Im Ausgangspunkt sind beide Varianten denkbar: Die Übertragungsvorgänge können entweder als ein Betriebsübergang i.S.d. § 613a Abs. 1 BGB bewertet werden, mit der Folge, dass die betroffenen Arbeitsverhältnisse unmittelbar vom Veräußerer auf den Enderwerber gem. § 613a Abs. 1 S. 1 BGB übergehen. 

Möglich ist aber auch, dass die Arbeitsverhältnisse zunächst auf dem Zwischenerwerber und erst durch den zweiten Übertragungsvorgang auf den Enderwerber übergehen.

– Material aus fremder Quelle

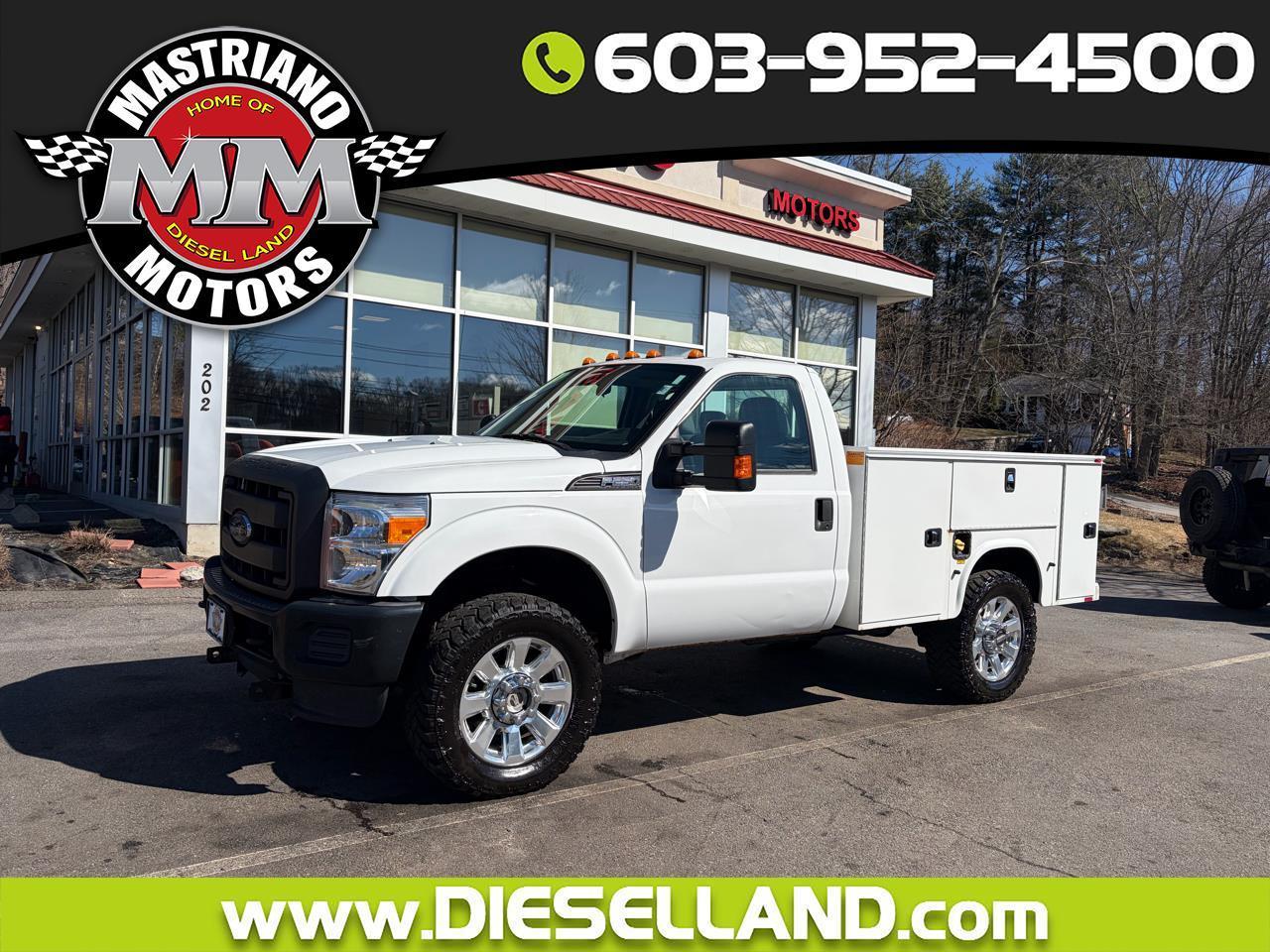Ford Super Duty F-250 SRW  2015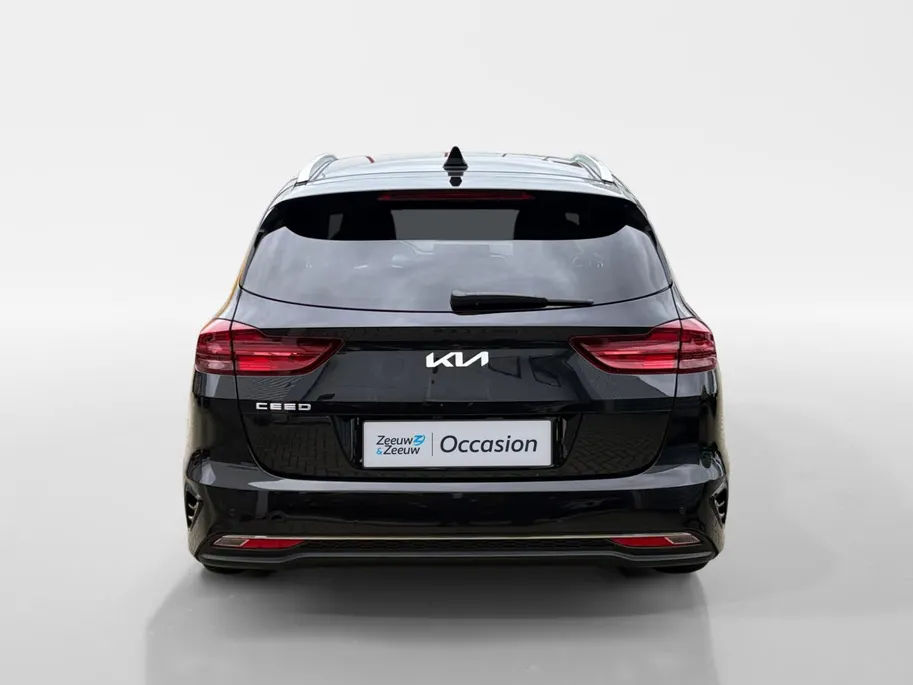 Kia Ceed Sportswagon 1.0 T-GDi MHEV Design Edition | Stoel en stuurverwarming | Navigatie | Camera | Apple Carplay / Android Auto | Elektrisch achterklep |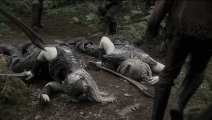 Planète des soldats wraiths capturés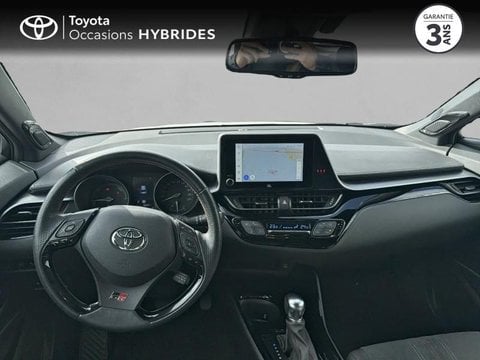 Voitures D'occasion À Vannes | Toyota C-Hr 1.8 Hybride 122Ch Gr Sport E-Cvt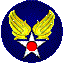 8th. AF Insignia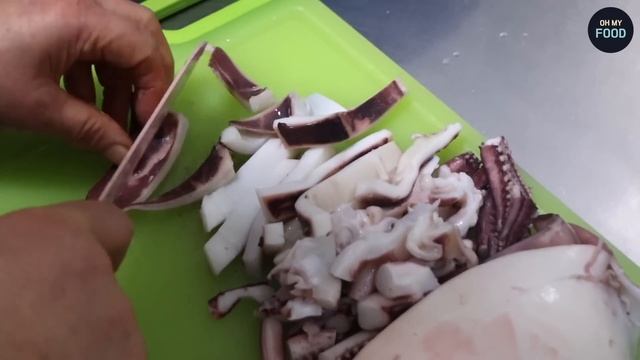 제주 연돈도 합세한 백종원의 예산시장?! 놀랍게 변한 재오픈날 풍경 Korean street food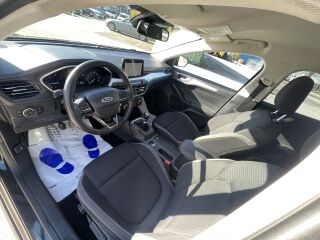 Ford Focus TURNIER COOL & CONNECT 1.5 R4 R4 ECOBLUE 120 88кВ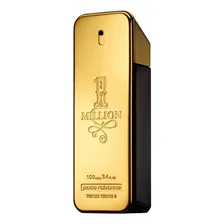 Perfume One Million Masculino Eau De Toilette 100ml Foto mini 1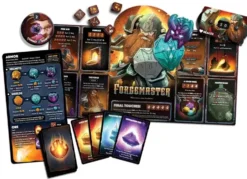Dice Throne: Forgemaster Hero Pack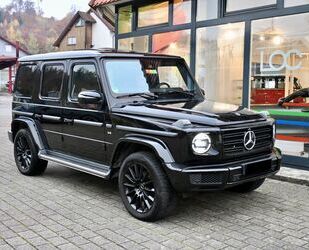 Mercedes-Benz G 500 Gebrauchtwagen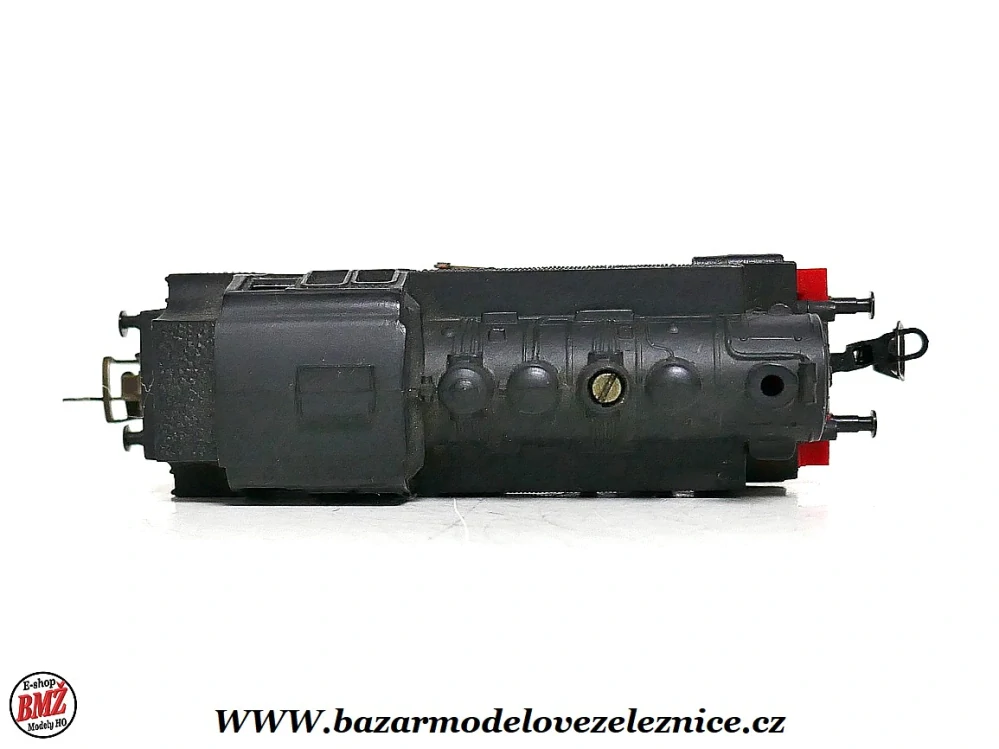 BTTB - Parní lokomotiva BR 81 001 DR - TT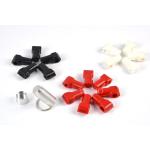 EAS System Retail Shop Display Security Peg Hook Red Stop Lock​ for sale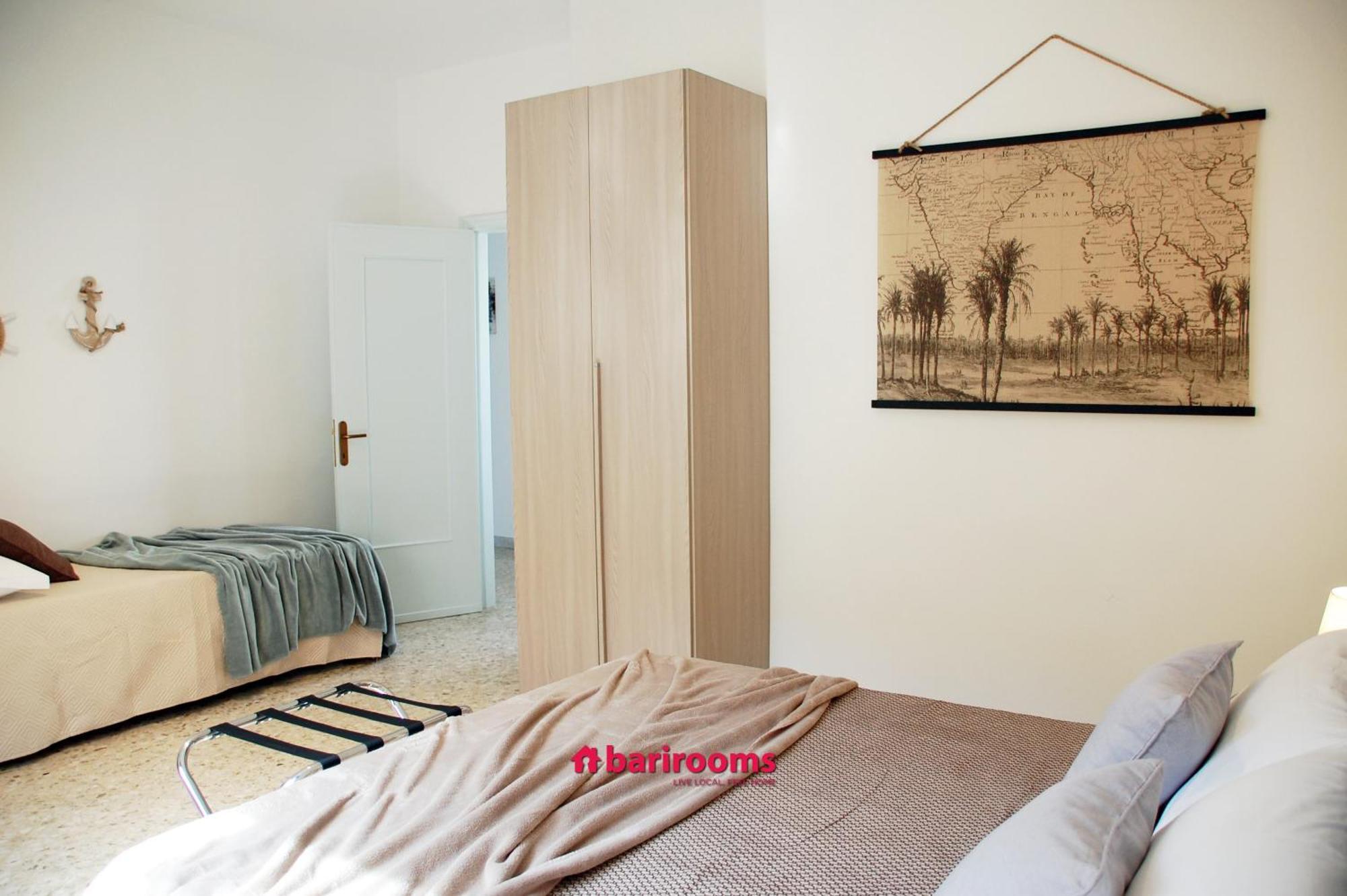 Bari Rooms Central Station Экстерьер фото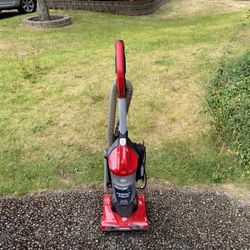 Dirt Devil Endura Reach Vacuum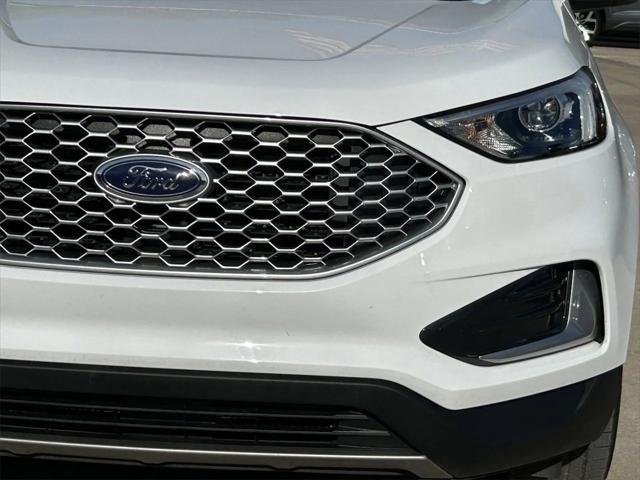 used 2024 Ford Edge car, priced at $28,552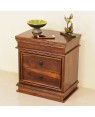 Solid Wood Bedside Table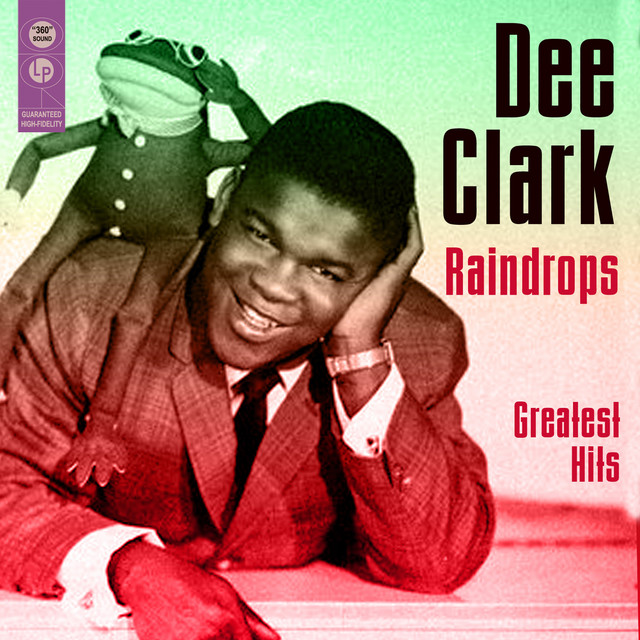 Raindrops: Greatest Hits cover art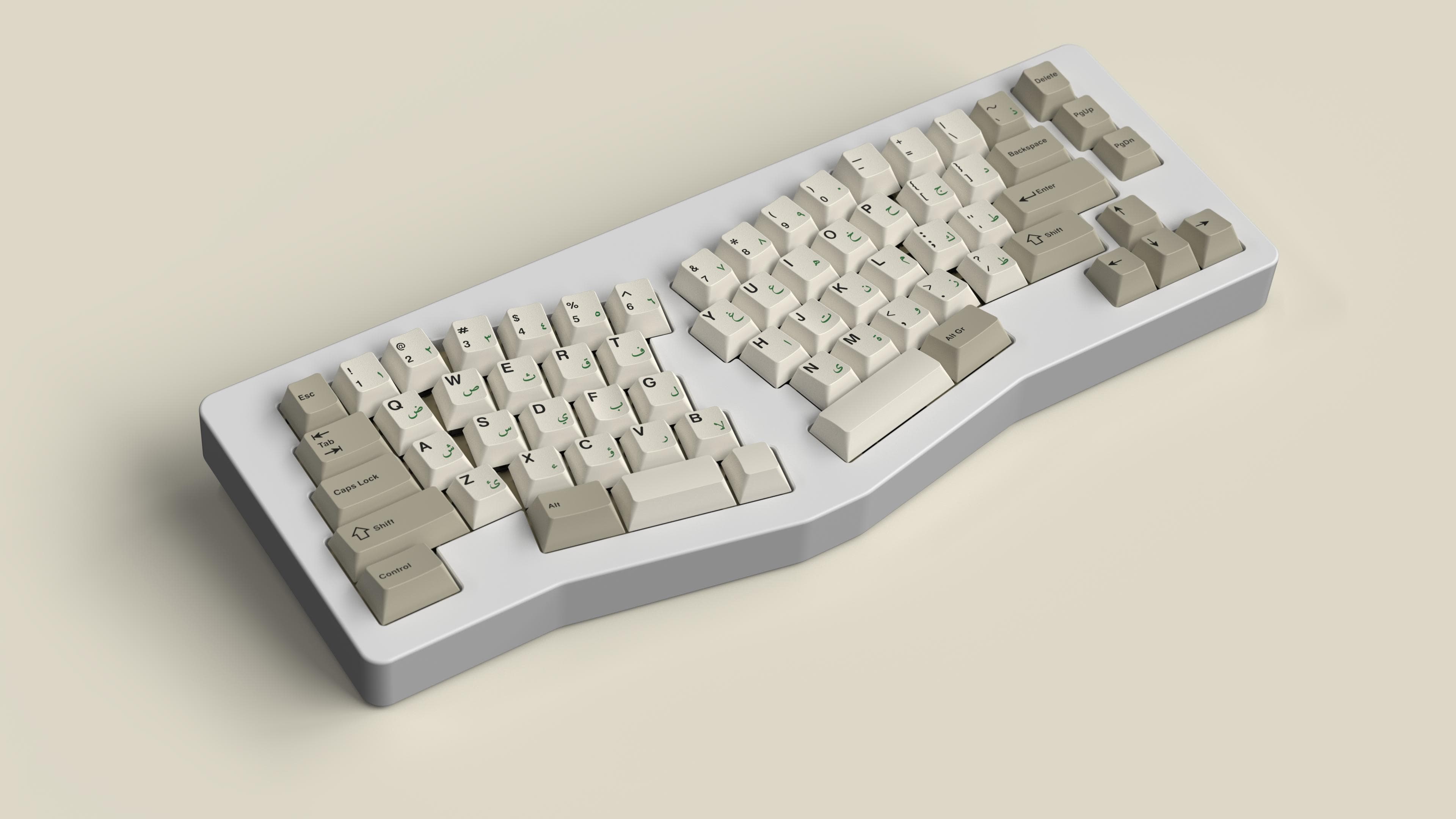 GMK Classic Arabic ...and more! | GB OVER! image 31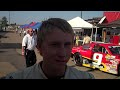 MK Kanke, Southwest Tour driver in...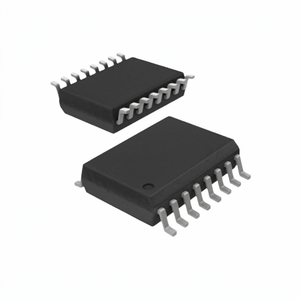 BOM IC In Stock MAX1416AEWE+ Electronic Chips Component 16 SOlC Data Acquisition - Product Image 1
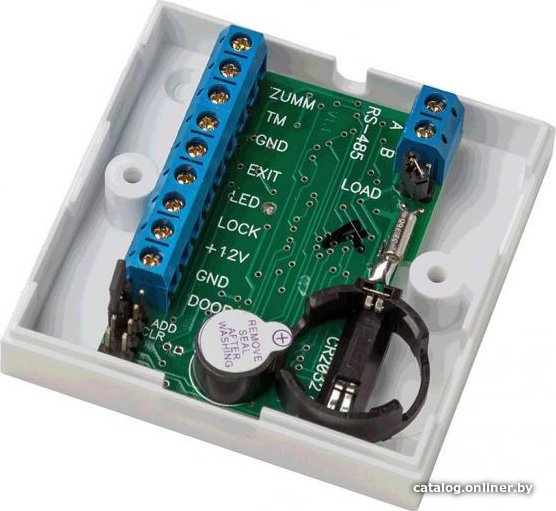 Автономный контроллер доступа Iron Logic Z-5R (мод. Net)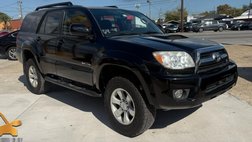 2006 Toyota 4Runner Sport Edition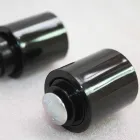 Elektryczny grzejnik ze szkła hartowanego z kamiennym wykończeniem Jonny Viadurini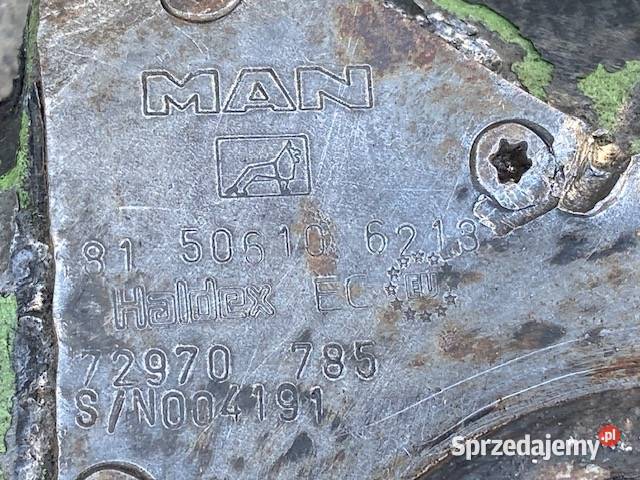 Regulator Grzechotka Haldex Automatic Maszewo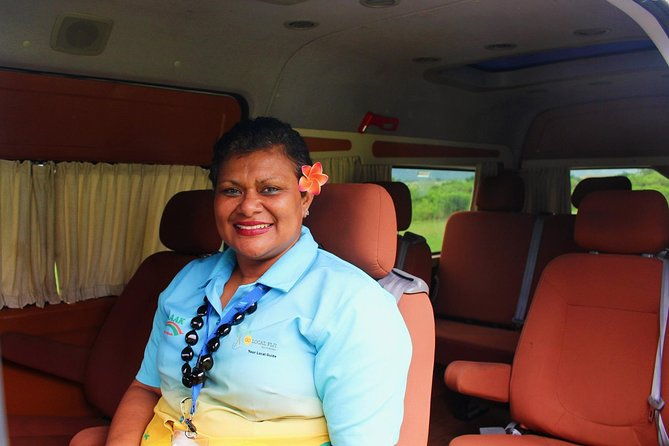 Private Transfer from Tambua Sands/Hideaway/Maui Bay to Nadi Airport - What to Expect from the Private Transfer Service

Das wirkt sich an zwei wesentlichen Stellen aus, nämlich einerseits bei der Gestaltung des Unterrichtungsschreibens gem. § 613a Abs. 5 BGB und andererseits bei der Frage, wann und wie gem. § 613a Abs. 6 BGB widersprochen werden kann. Wie immer verbieten sich pauschale Bewertungen.

Arbeitnehmer bemängelt fehlende Betriebsführung durch Zwischenerwerber

Im zugrundeliegenden Sachverhalt veräußerte die spätere Beklagte ihren Betrieb, ein Einrichtungshaus, an eine Zwischenerwerberin (P-Immobilien GmbH). Das sollte zum Übergang der Arbeitsverhältnisse der dortigen Arbeitnehmer – zu denen auch der Kläger zählte – auf die P-Immobilien GmbH führen. Hierüber wurden alle Arbeitnehmer unterrichtet.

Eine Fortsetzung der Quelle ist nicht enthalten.